Consider the marks of all 1st-year students on a statistics test. If the marks have a normal distribution with a mean of 72 and a standard deviation of 9, then the probability that a random sample of 10 students from this group have a sample mean between 71 and 73 is?

Step 1
Suppose, X be the marks of statistics students, X follows Normal distribution with mean 72 and standard deviation 9.
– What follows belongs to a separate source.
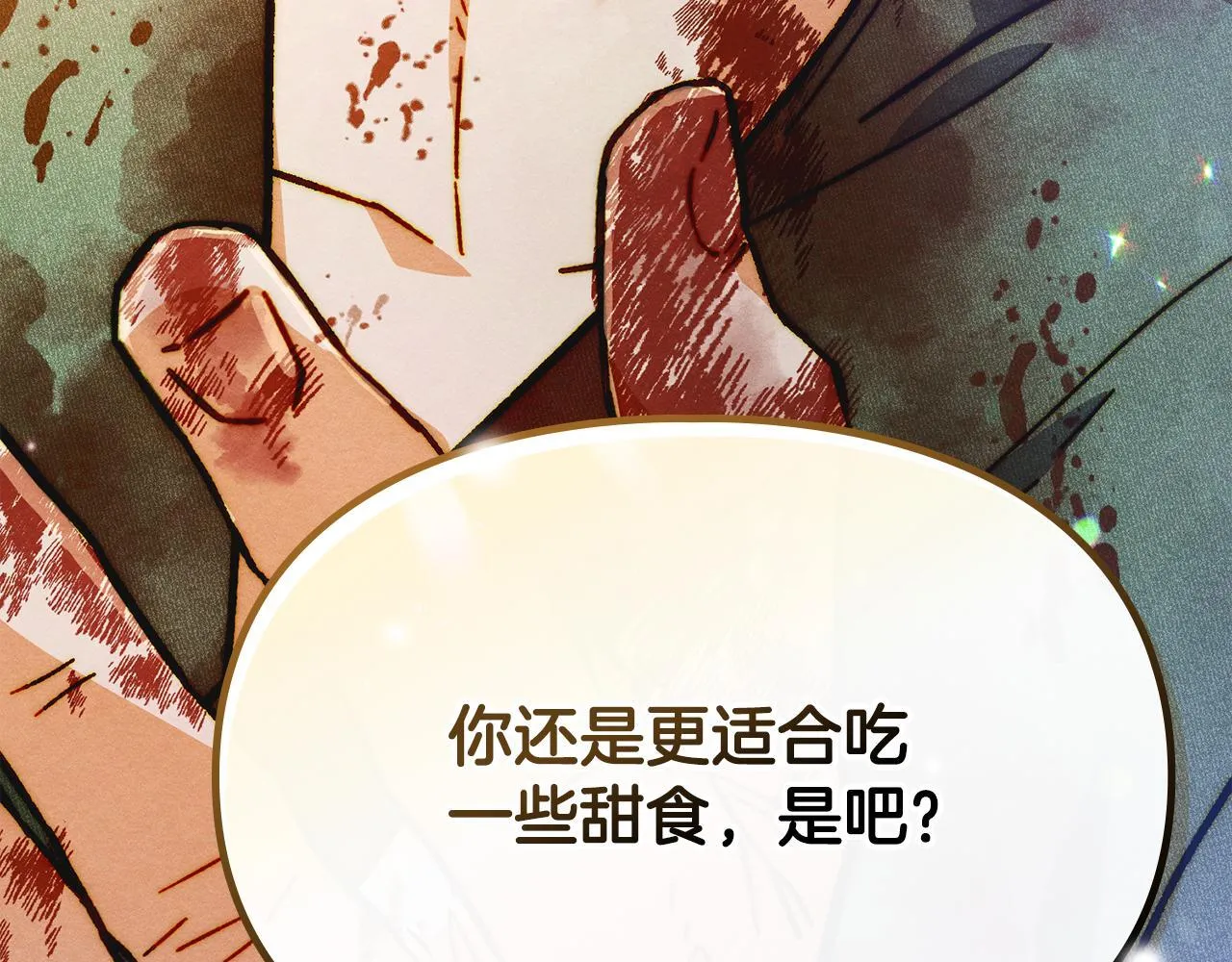 第8话 神秘的信件 第168页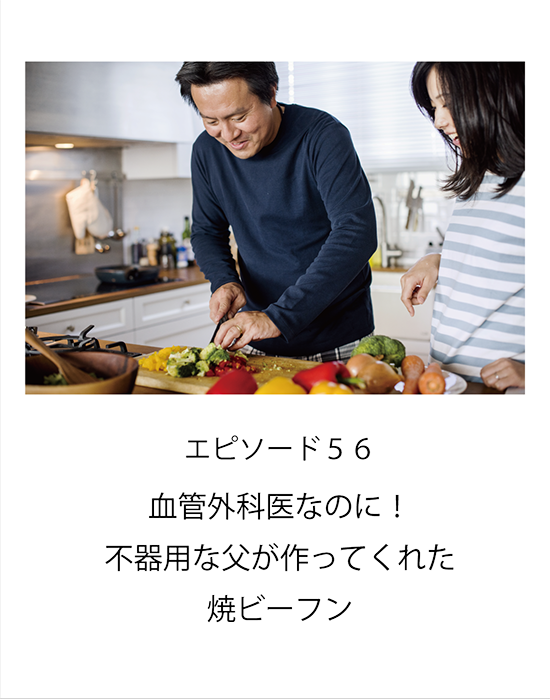 エピソード56 血管外科医なのに！不器用な父が作ってくれた焼ビーフン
The average marks of 10 students,
${\displaystyle \bar{X}=\frac{1}{10}\sum _{i=1}^{10}{X}_i}$,
${\displaystyle \bar{X}}$ follows Normal distributions with mean 72 and standard deviation ${\displaystyle \frac{9}{\sqrt{10}}}$.
Step 2
The probability that the sample mean between 71 and 73 is
${\displaystyle P(71\le \bar{X}\le 73)}$
${\displaystyle =P(\frac{71-72}{9}/\left(\sqrt{10}\right)\le (\frac{\bar{X}-72}{9}/\left(\sqrt{10}\right)\le \left(\frac{73-72}{9}/\left(\sqrt{10}\right)\right),Z=(\frac{\bar{X}-72}{9}/\left(\sqrt{10}\right)\sim N\text{or}mal(0,1)}$
${\displaystyle =P(-0.3514\le Z\le 0.3514)}$
${\displaystyle =P(Z\le 0.3514)-P(Z\le -0.3514)}$
${\displaystyle =\mathrm{\Phi }\left(0.3514\right)-\mathrm{\Phi }\left(0.3514\right),\mathrm{\Phi }\left(z\right)=P(Z\le z)}$
${\displaystyle =2\mathrm{\Phi }\left(0.3514\right)-1,\mathrm{\Phi }\left(z\right)=1-\mathrm{\Phi }(-z)}$
${\displaystyle =(2\times 0.6374)-1}$
=0.2748
The values of ${\displaystyle \mathrm{\Phi }\left(0.3514\right)}$ is taken from Normal distribution.
Therefore, the probability that a random sample of 10 students from this group have a sample mean between 71 and 73 is 0.2758.